*What the exercise asks*.
Please give the listing again in full, leaving out its images.

*Provided data*.
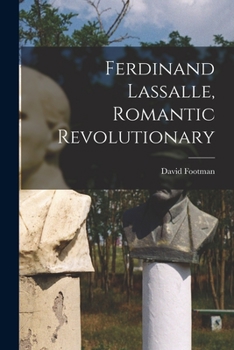 Ferdinand Lassalle, romantic revolutionary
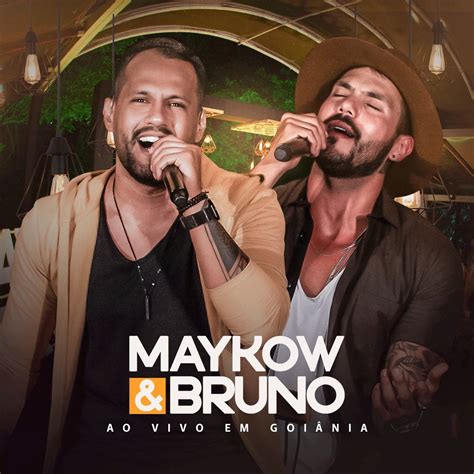 ‎ao Vivo Em Goiânia By Maykow And Bruno On Apple Music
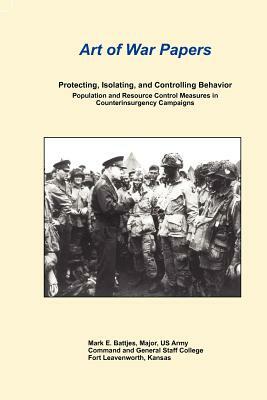 Art of War Papers: Protecting, Isolating, and Controlling Behavior: Population and Resource Control Measures in Counterinsurgency Campaig by Combat Studies Institute Press, Mark E. Battjes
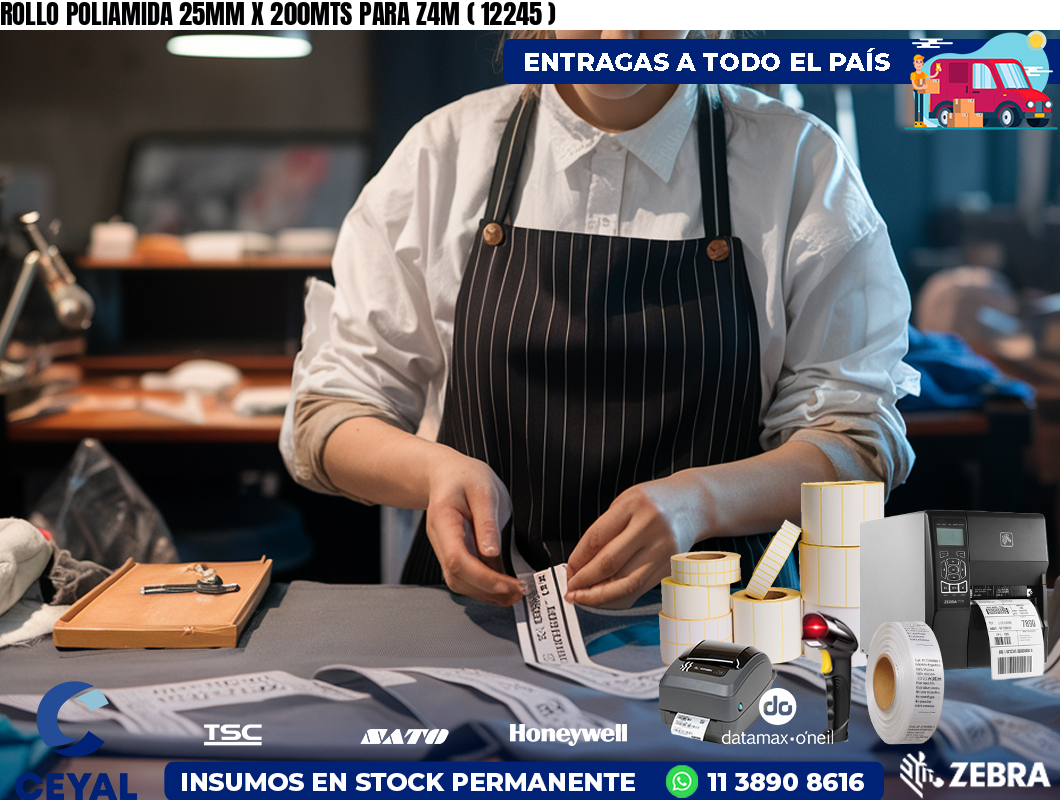 ROLLO POLIAMIDA 25MM X 200MTS PARA Z4M ( 12245 )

*Result of this exercise*.
 Ferdinand Lassalle, romantic revolutionary
 ‎ao Vivo Em Goiânia By Maykow And Bruno On Apple Music
 Art of War Papers: Protecting, Isolating, and Controlling Behavior: Population and Resource Control Measures in Counterinsurgency Campaig by Combat Studies Institute Press, Mark E. Battjes
 ROLLO POLIAMIDA 25MM X 200MTS PARA Z4M ( 12245 )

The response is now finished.